Friday, 20 April 2012 00:00
AFRICAN countries have taken up a combined 43 percent of tobacco exports with South Africa topping the list, the Tobacco Industry and Marketing Board has said. This is an increase from the same period last year when African countries consumed only 18 percent of the total exports.
Latest statistics from TIMB show that current seasonal tobacco exports to the Far East rose by 4 percent from last season’s 26 percent. The increase in exports has been attributed to improved exports in China. The Middle East, which used to take more than 15 percent of total tobacco exports, made a huge slump to 2 percent in March this year.
According to TIMB, this is a result of an 81 percent decrease in exports to the region. United Arab Emirates is the major player in the region with current monthly imports pegged at 133 000kgs.
The UAE consumes cutrag tobacco, which has firmed up both in volume and price over the past two years.
Exports to the European Union have decreased from 36 percent to 18 percent. As at April 13, South Africa had imported 2,4 million kg of tobacco worth US$7,5 million from Zimbabwe at an average price of US$3,16 per kg followed by China which bought 2,3million kg at US$US$6,35 per kg and Belgium 1,6million kg at US$1,43 per kg.
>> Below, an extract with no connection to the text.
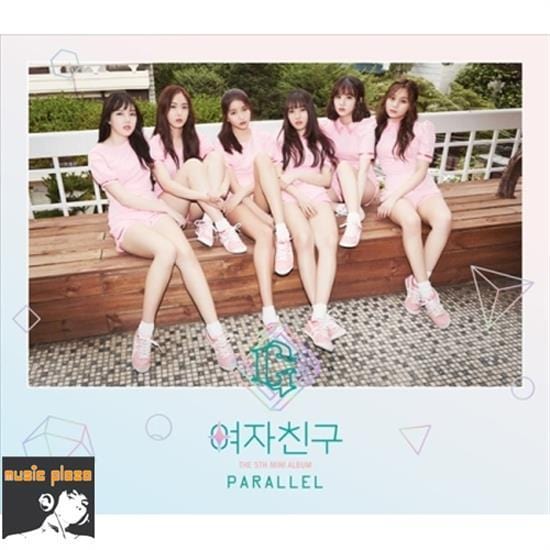 여자친구 | GFRIEND 5TH MINI ALBUM [ PARALLEL ] WHISPER VER.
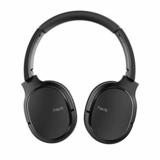 Havit HDST HAVIT I62 Headsets HAVIT i62 Bluetooth V5 0 90 degree Rotating Micro SD MP3 AXU Wireless headphone Black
Hong Kong was offering the highest price buying 415 800 kg of tobacco at US$6,70 per kg.
Countries also offering high prices were Poland US$6,62 per kg, and Azerbaijan which bought 19 800kg at US$6 per kg.
Zimbabwe exports tobacco to African countries which include Mozambique, Angola, Kenya, Congo, Malawi, Tanzania and Lesotho.
Tobacco stocks on hand are expected to go up as a result of increased stocks from the current crop.
Flue cured tobacco imports remained stagnant at 515 152kg at an average price of US$2,70 per kg.
However, seasonal import permits issued increased to almost 12 million kgs as a result of authorisation granted to import 11 million kgs of tobacco.
Tobacco production has been on the increase due to the favourable prices being offered on the market.
The land reform programme has also contributed towards the increase in production with more than 80 percent of tobacco producers coming from the A1 and small-scale sectors.